Mining On Top Africa 2025 gathers African ministers and European investors to address ESG, finance and compliance shaping Africa–Europe mining deals

The ballroom at Meliá Paris La Défense will host a different kind of negotiation this July. When Mining On Top Africa returns to Paris on 2-3 July, the conversations won’t just be about deal-making – they’ll be about re-writing the rules. African ministers, European financiers and mining executives are gathering at a moment when both sides need each other, but neither is willing to accept the old terms.
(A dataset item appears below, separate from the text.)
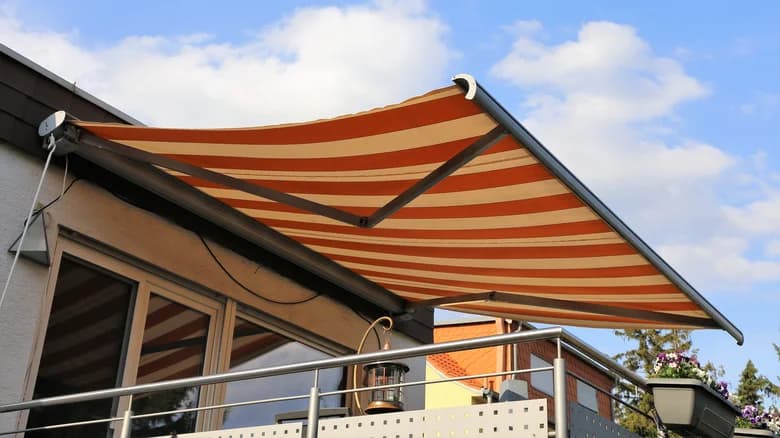 Striped patio canopy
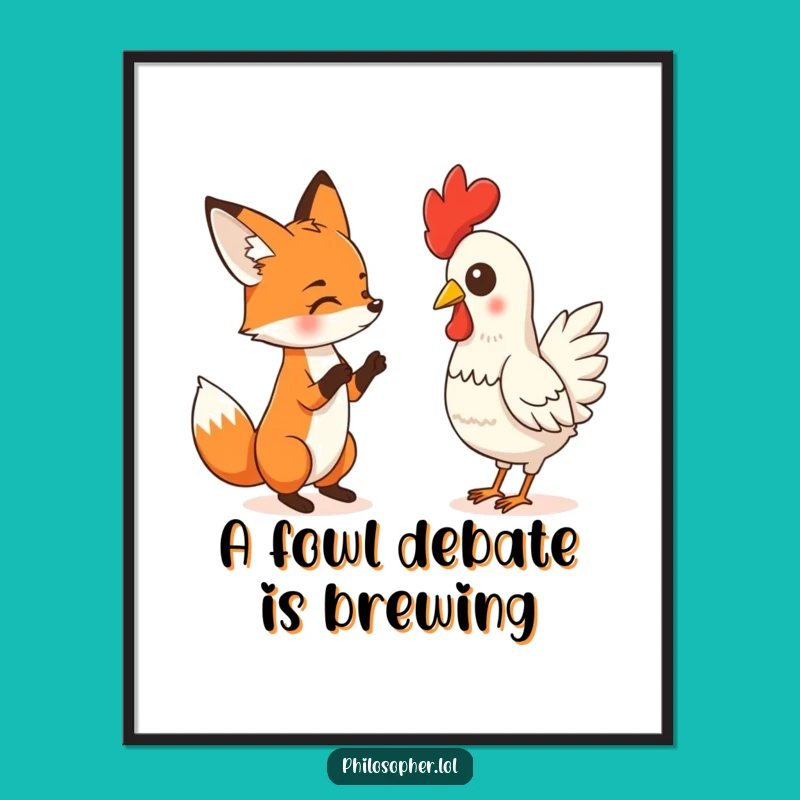 Funny Free Printable Fox Wall Art: Quirky Debate, Downloadable Decor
European investors spent much of last year watching their African mining portfolios navigate military governments, delayed elections and civil unrest. Meanwhile, African governments found themselves caught between urgent development needs and increasingly strict European sustainability requirements that seem designed in Brussels boardrooms rather than mining communities. The result is a sector where everyone wants to do business, but no one quite knows how.
The guest list at MOTA 2025 reads like a who’s who of people who actually control the money and set the rules. Guinea’s Mohamed Lamine Sy Savane, Minister Director of the Cabinet to the Prime Minister, will present his government’s administrative reforms – reforms that investors hope signal a move towards stability after years of military rule. Seydou Moussa Kone, Director General of SODEMI in Côte d’Ivoire, represents the kind of state-backed development approach that European investors are learning to work with rather than around.
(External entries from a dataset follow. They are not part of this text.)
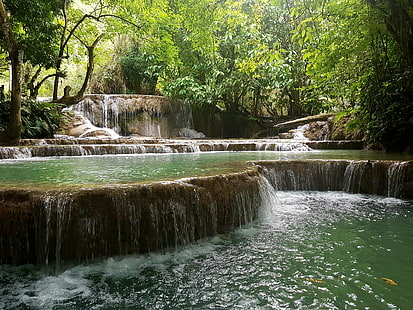 zielone i brązowe wodospady, wodospad, Laos, rzeka, woda, wodospady Kuang Si, Tapety HD HD wallpaper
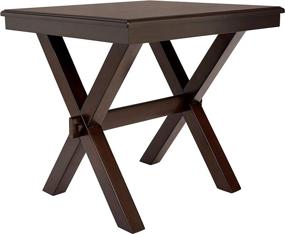 img 3 attached to 🪑 Ravenna Home Flush Mount Wood Cross Side Table, 23.6 inches Wide, Dark Brown Walnut - Amazon Brand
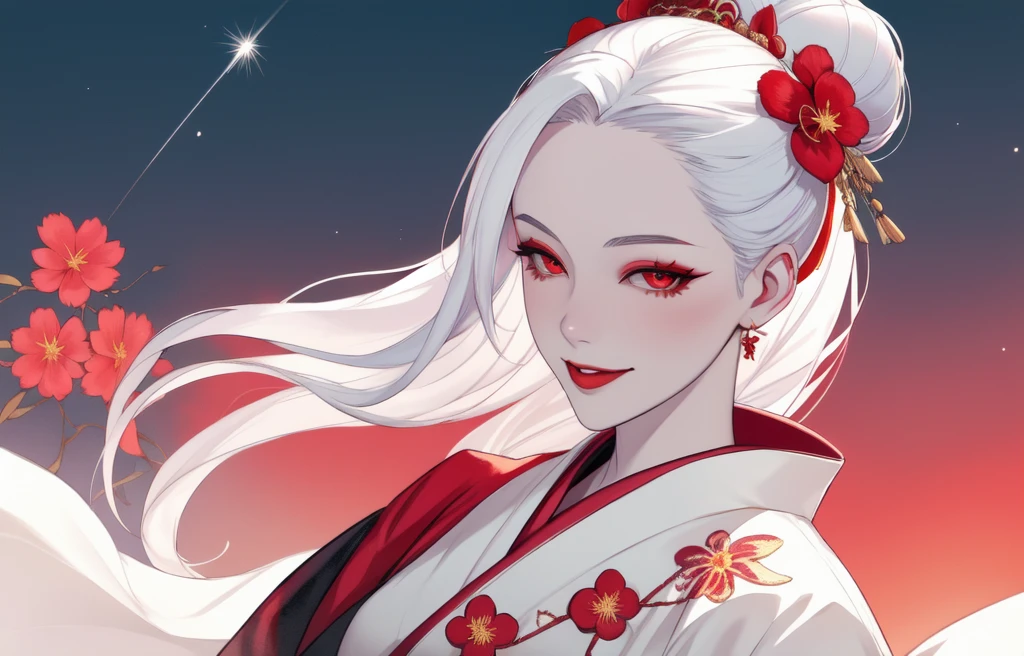 Beauty photo of a gorgeous vampire woman, age 30, pale skin, red eyes, white hair in a bun, elegant makeup, happy grinning, (looking at the viewer), wearing a stylish black and red kimono with gold flower embroidery accents BREAK walking through a serene garden, mountain backdrop, shooting star, upper body focus, vibrant colors, sunny day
From the financing side, institutions like the European Bank for Reconstruction and Development (BERD) and the Africa Finance Corporation (AFC) will have senior executives in the room. These aren’t courtesy attendees – they’re the people deciding which projects get funding and which get shelved. When Anass Joundy from BERD or Franklin Edochie from AFC speak about financing challenges, they’re talking about real money that’s either moving or staying put.
The presence of Michael Edem Akafia, President of Ghana’s Chamber of Mines and Vice-President of External Affairs at Goldfields, underscores how even established mining jurisdictions are having to make their case again. While Ghana maintained higher investor confidence through last year compared to neighbours like Guinea and the DRC, political risk assessments show the entire region facing elevated uncertainty.
African governments need capital, infrastructure and market access – but they also need it to come with terms they can actually meet. The gap between European ESG requirements and African operational realities has become a practical barrier to investment. Guinea’s mining reforms under Savane’s leadership have focused on contract reviews and tax reductions specifically to boost investor confidence, but political instability continues to create uncertainty about long-term commitments.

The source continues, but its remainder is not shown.